2

I need a wise advice from Stack Overflow again. I'm not sure the title is properly showing what I am wondering right now.

The thing is this.

there is two groups of words, and I need to know if a string has one(or more) word in group A while it also has a word in group B. Like... this.

Group_A = ['nice','car','by','shop']
Group_B = ['no','thing','great']

t_string_A = 'there is a car over there'
t_string_B = 'no one is in a car'

t_string_A has 'car' from Group_A, while nothing from Group_B, so it must return... I don't know, let's say 0 while t_string_B has 'car' from Group_A, and 'no' from Group_B, so it should return 1

Actually I was doing this job by somewhat... primitive way. Like bunch of sets of codes like

if 'nice' in t_string_A and 'no' in t_string_A:
    return 1

But as you know, as the length of Group A or B increases, I should make too many sets of those sets. And this is certainly not efficient.

I appreciate your help and attention :D Thanks in advance!

Jeong In Kim
  • 373
  • 2
  • 12
  • If I understand correctly, the words at the same indexes in `GroupA` and `GroupB` are being checked against `t_string_A` and `t_string_B` respectively? – Devesh Kumar Singh Apr 30 '19 at 05:28
  • See this discussion: https://stackoverflow.com/questions/11015320/how-to-create-a-trie-in-python You can make a trie for A and one for B and test for membership. – dgumo Apr 30 '19 at 05:45
  • @DeveshKumarSingh Oh in real codes, it is in a loop so, yeah.
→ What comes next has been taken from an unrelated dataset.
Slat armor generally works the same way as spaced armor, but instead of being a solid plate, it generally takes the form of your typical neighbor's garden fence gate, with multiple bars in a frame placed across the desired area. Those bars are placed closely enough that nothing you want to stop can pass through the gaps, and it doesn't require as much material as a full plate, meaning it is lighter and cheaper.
I it should be checked respectively :D – Jeong In Kim Apr 30 '19 at 05:47
  • Okay, check if my answer helps you then @JeongInKim and upvote/accept it if helps you :) – Devesh Kumar Singh Apr 30 '19 at 06:05

5 Answers5

5

you could work with sets:

Group_A = set(('nice','car','by','shop'))
Group_B = set(('no','thing','great'))

t_string_A = 'there is a car over there'
t_string_B = 'no one is in a car'

set_A = set(t_string_A.split())
set_B = set(t_string_B.split())

def test(string):
    s = set(string.split())
    if Group_A & set_A and Group_B & set_A:
        return 1
    else:
        return 0

what should be the result if there are no words from Group_A and Group_B?
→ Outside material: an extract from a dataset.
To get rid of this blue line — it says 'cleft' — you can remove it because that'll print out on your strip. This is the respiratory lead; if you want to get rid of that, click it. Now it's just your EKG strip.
depending on your phrases the test may be more efficient this way:

def test(string):
    s = string.split()
    if any(word in Group_A for word in s) and any(word in Group_B for word in s):
        return 1
    else:
        return 0
hiro protagonist
  • 44,693
  • 14
  • 86
  • 111
  • Oh it should return 0 as well :D But I think your answer has solved my problem already haha. I'll apply it in my code soon! – Jeong In Kim Apr 30 '19 at 05:35
  • What is the `&` operator which is applied between a list and a set? Never seen this! – Devesh Kumar Singh Apr 30 '19 at 05:39
  • @DeveshKumarSingh `&` is the same as `self.intersection(other)`. the link to the doc explains it. – hiro protagonist Apr 30 '19 at 05:46
  • good solution, but i think we just need only one word form each group to get the same result as this , so no need to go this costly operation. one word is enough , for more fast. – sahasrara62 Apr 30 '19 at 05:46
  • Damn! Thanks for the tidbit @hiroprotagonist, I learned something new today :) – Devesh Kumar Singh Apr 30 '19 at 05:48
  • @hiroprotagonist it is efficient. but i am saying for the same output we need only 1 word most from each group. for set it is costly operation that's it. – sahasrara62 Apr 30 '19 at 05:49
  • 1
    @prashantrana added a variant. this should address your concerns, right? – hiro protagonist Apr 30 '19 at 05:54
  • Ahhh So close! T_T Actually I'm working on in Korean. And looks like Korean grammer has some issue with split()... there is a word 'Noun 입니다' . but split() only identify '입니다' only so... any 입니다 attached with Noun is not classified as 입니다. – Jeong In Kim Apr 30 '19 at 06:00
  • In English term, hmm... I need to check 'thing' including 'something' 'anything' etc. ... hmm.... – Jeong In Kim Apr 30 '19 at 06:01
  • @hiroprotagonist that is it, i have also posted a solution, what i wanted to say – sahasrara62 Apr 30 '19 at 06:02
1

You can use itertools.product to generate all possible pairs of words from the give groups. You then iterate through the list of strings, and if a pair is present in the string, the result is True, otherwise result is False.

import itertools as it

Group_A = ['저는', '저희는', '우리는']
Group_B = ['입니다','라고 합니다']

strings = [ '저는 학생입니다.', '저희는 회사원들 입니다.' , '이 것이 현실 입니다.', '우리는 배고파요.' , '우리는 밴디스트라고 합니다.']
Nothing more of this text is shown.